Principal Investigator: Viviana Pérez, Ph.D.

My primary area of research interest is the role of protein homeostasis in longevity, using a comparative biology approach. We previously found that the proteomes of long-lived species like the little brown bat and naked mole rat are more resistant to urea- and heat-induced unfolding than those of shorter-lived bats or mice. We have also shown more robust maintenance of the proteasome and lower levels of ubiquitinated proteins in old (20-yr) naked mole rats compared to old (3-yr) mice, suggesting that long-lived species might have evolved enhanced chaperone-like activities to preserve protein structure and prevent misfolding or aggregation. My laboratory is focused on establishing the role of proteostasis control in longevity by studying three important processes that alter protein homeostasis: protein aggregation, protein folding (chaperones), and protein degradation.

My second area of interest includes studies on dietary restriction (DR) and rapamycin. Both interventions extend lifespan and healthspan in rodents, and previous data suggest that rapamycin could be acting in a similar way to DR. To test this, I’m developing a study involving four different feeding groups of mice: ad libitum, DR, rapamycin, and rapamycin-DR. If rapamycin acts like DR, DR should not have any additional effect on lifespan in the rapamycin-DR group. The outcome of this study may have a big impact on the aging field, providing a better understanding of and new insights into the aging process and new prospects for the development of DR mimetics.

Principal Investigator: Adrian Gombart, Ph.D.

Our research is focused on understanding the regulation of antimicrobial peptide expression by the vitamin D pathway. When immune cells called macrophages encounter a pathogen and become activated, the vitamin D pathway is turned on, leading to the induction of the cathelicidin antimicrobial peptide if serum levels of vitamin D are sufficient. We have shown that this mechanism is conserved in humans and primates but not in other mammals. Therefore, we developed a transgenic mouse that carries the human cathelicidin gene. Using this model, we are testing the ability of vitamin D to protect against infection by influenza, Salmonella, and Mycobacterium tuberculosis. Vitamin D has been used to treat tuberculosis, and its deficiency is associated with increased risk of tuberculosis. This model will allow us to test the role of vitamin D and cathelicidin during initial infection, latency, and reactivation.

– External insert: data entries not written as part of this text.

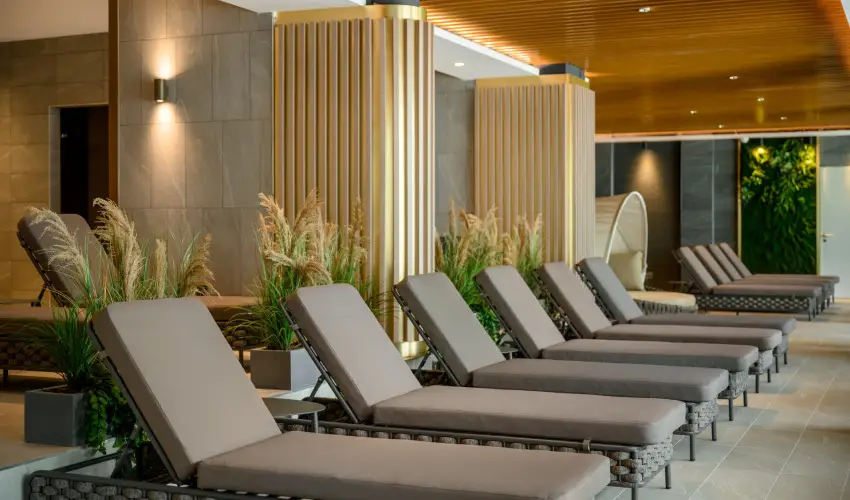 Kenese Bay Garden Resort & Conference Balatonkenese - Kedvezmnyes r csaldok rszre flpanzival (1 jtl)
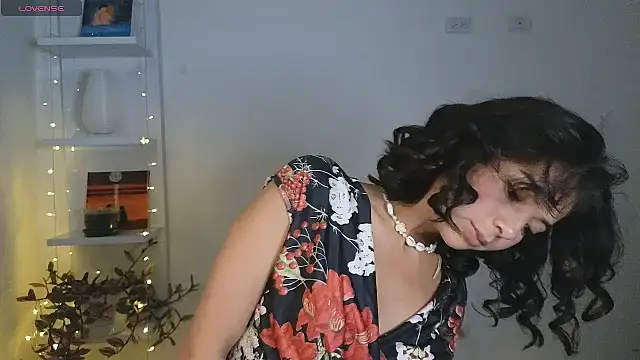 lissi S online show from 12-12-24, 02:59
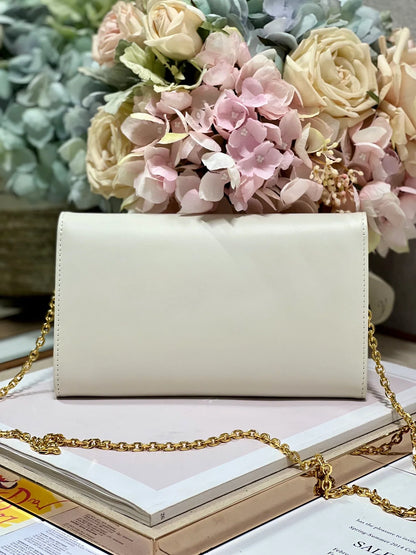 Dior Bobby Wallet on Chain East West White - 21.5_12_4cm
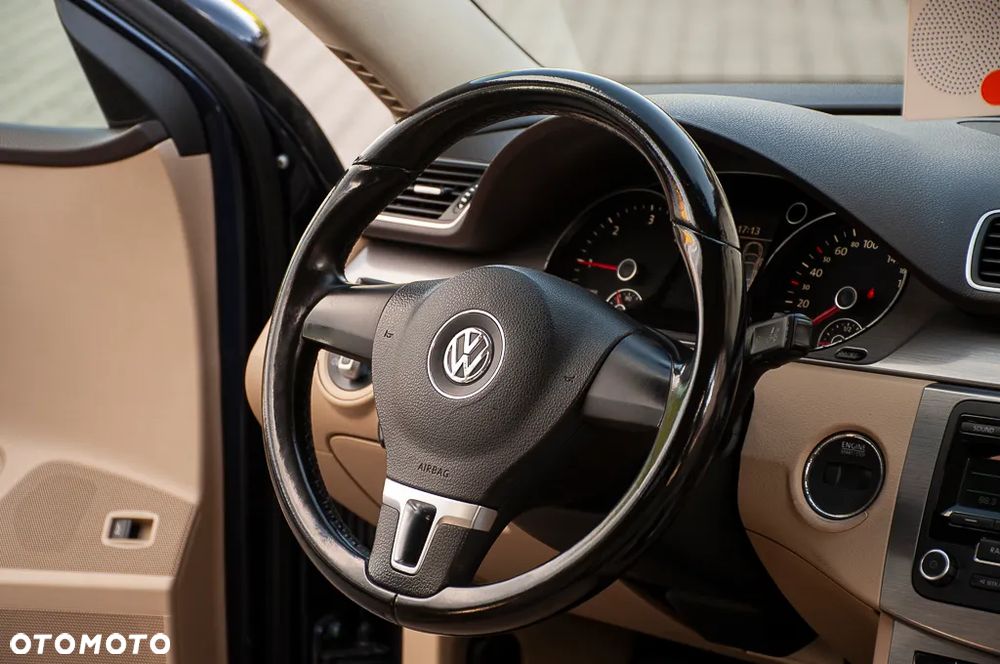 Volkswagen Passat 2.0 TDI Comfortline Optimum - 26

Another focus of our research is to identify additional dietary compounds that regulate the expression of the cathelicidin gene. This gene is also induced by sodium butyrate and lithocholic acid, which functions through the vitamin D receptor. Nutrients that bind the vitamin D receptor may modulate the immune system by inducing the cathelicidin gene. We discovered that curcumin in curry modestly induces expression of the cathelicidin gene, which could protect the gut from infection. In collaboration with colleagues at Cedars-Sinai Medical Center, we discovered that vitamin B₃ (niacin) boosts killing of methicillin-resistant Staphylococcus aureus (MRSA) by white blood cells, in part, by increasing cathelicidin levels. A small molecule library is being screened for regulators of the cathelicidin gene. The identification of new regulatory compounds may give clues as to how the gene is regulated in vivo and lead to the identification of other nutrients that can be used to boost the immune system.

Finally, we are interested in determining the effect of vitamin D on the function of the innate immune system in the elderly. Aging is accompanied by low-grade, chronic, systemic inflammation, and vitamin D has important anti-inflammatory properties. We want to determine if sufficient levels of vitamin D will reduce the inflammatory phenotype. We also want to determine if reversing severe deficiency will raise cathelicidin protein levels in the blood, which may reduce mortality in kidney dialysis and sepsis patients.